▶ [Work to be completed]: Only the lines from the line containing "Bedroom featuring french" to the end of the material belong in the copy; set them down exactly, without pictures.

▶ [Collected material]:
◇ ◇ ◇ ◇
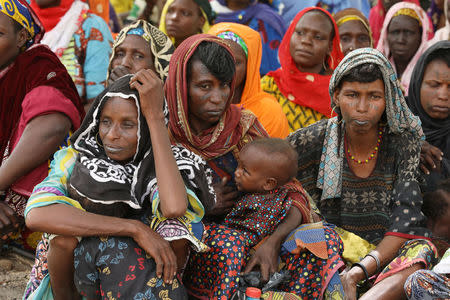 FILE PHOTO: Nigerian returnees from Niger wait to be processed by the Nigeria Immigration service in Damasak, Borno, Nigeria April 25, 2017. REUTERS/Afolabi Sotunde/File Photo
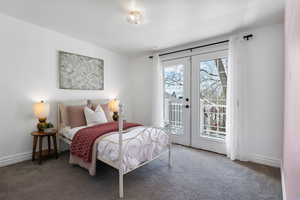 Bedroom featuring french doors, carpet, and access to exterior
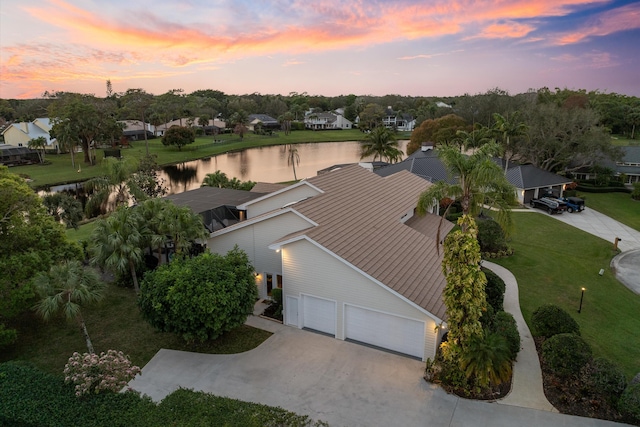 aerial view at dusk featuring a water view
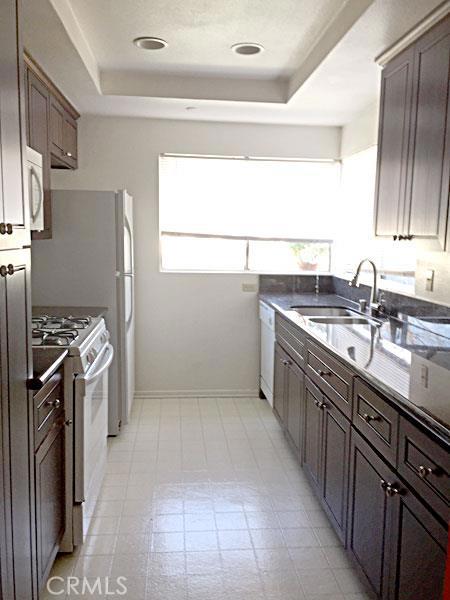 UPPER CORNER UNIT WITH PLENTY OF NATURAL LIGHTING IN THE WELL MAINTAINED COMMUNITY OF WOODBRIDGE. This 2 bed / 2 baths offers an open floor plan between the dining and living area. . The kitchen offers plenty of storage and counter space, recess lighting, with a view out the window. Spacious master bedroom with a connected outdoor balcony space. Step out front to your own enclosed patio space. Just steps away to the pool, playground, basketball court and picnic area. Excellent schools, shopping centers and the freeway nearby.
◇ ◇ ◇ ◇
▶ [Output]:
 Bedroom featuring french doors, carpet, and access to exterior
 aerial view at dusk featuring a water view
 UPPER CORNER UNIT WITH PLENTY OF NATURAL LIGHTING IN THE WELL MAINTAINED COMMUNITY OF WOODBRIDGE. This 2 bed / 2 baths offers an open floor plan between the dining and living area. . The kitchen offers plenty of storage and counter space, recess lighting, with a view out the window. Spacious master bedroom with a connected outdoor balcony space. Step out front to your own enclosed patio space. Just steps away to the pool, playground, basketball court and picnic area. Excellent schools, shopping centers and the freeway nearby.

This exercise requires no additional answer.